Exercise prompt ▸
Count how many lines in the data hold the word "Flat", and give that number alone.

Records shown ▸
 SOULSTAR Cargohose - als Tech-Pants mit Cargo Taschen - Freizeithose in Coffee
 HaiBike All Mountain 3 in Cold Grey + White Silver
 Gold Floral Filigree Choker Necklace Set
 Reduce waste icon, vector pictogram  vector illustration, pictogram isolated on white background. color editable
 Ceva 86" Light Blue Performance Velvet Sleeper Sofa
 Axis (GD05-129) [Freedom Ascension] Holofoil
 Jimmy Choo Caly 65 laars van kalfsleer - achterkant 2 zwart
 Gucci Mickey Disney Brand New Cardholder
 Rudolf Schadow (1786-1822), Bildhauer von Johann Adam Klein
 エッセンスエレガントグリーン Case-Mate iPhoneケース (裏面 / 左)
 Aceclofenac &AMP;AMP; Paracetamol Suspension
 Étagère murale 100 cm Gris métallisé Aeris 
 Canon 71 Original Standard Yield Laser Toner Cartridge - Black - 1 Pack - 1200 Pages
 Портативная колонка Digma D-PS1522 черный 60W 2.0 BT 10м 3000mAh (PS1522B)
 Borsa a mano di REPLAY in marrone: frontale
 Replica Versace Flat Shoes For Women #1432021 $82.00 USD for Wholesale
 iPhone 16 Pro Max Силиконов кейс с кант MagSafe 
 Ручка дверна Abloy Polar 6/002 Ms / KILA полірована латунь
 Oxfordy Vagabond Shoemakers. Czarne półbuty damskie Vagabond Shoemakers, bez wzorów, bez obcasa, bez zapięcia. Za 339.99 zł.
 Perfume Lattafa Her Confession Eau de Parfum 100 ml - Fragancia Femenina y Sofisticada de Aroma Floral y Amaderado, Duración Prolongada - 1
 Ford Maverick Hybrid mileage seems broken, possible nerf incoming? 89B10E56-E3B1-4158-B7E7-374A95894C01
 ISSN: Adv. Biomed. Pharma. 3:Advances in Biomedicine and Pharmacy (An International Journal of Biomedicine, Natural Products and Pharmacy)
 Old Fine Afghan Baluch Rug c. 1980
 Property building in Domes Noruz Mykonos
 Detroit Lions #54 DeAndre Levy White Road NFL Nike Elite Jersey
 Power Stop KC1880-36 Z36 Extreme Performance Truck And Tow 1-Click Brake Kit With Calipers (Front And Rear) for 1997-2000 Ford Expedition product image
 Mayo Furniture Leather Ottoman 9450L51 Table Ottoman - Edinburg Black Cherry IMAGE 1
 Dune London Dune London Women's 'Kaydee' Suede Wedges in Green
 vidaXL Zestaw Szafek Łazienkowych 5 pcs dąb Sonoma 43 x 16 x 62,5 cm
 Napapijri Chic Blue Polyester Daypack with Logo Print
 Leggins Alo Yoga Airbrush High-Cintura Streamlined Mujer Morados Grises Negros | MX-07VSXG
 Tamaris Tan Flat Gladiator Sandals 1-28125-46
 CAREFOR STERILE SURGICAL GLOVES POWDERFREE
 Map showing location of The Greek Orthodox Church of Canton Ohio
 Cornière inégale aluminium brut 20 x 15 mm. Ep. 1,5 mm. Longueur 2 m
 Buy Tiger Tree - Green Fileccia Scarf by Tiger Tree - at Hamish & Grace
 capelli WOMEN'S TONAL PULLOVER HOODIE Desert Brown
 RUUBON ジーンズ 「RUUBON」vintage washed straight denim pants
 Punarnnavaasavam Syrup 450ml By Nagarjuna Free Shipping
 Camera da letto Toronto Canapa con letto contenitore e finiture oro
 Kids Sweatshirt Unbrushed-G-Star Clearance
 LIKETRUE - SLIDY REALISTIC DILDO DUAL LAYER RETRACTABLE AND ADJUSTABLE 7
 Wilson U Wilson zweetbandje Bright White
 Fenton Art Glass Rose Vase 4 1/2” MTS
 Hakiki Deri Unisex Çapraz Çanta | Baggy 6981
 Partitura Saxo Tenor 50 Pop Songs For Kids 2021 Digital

Solution for this exercise ▸
2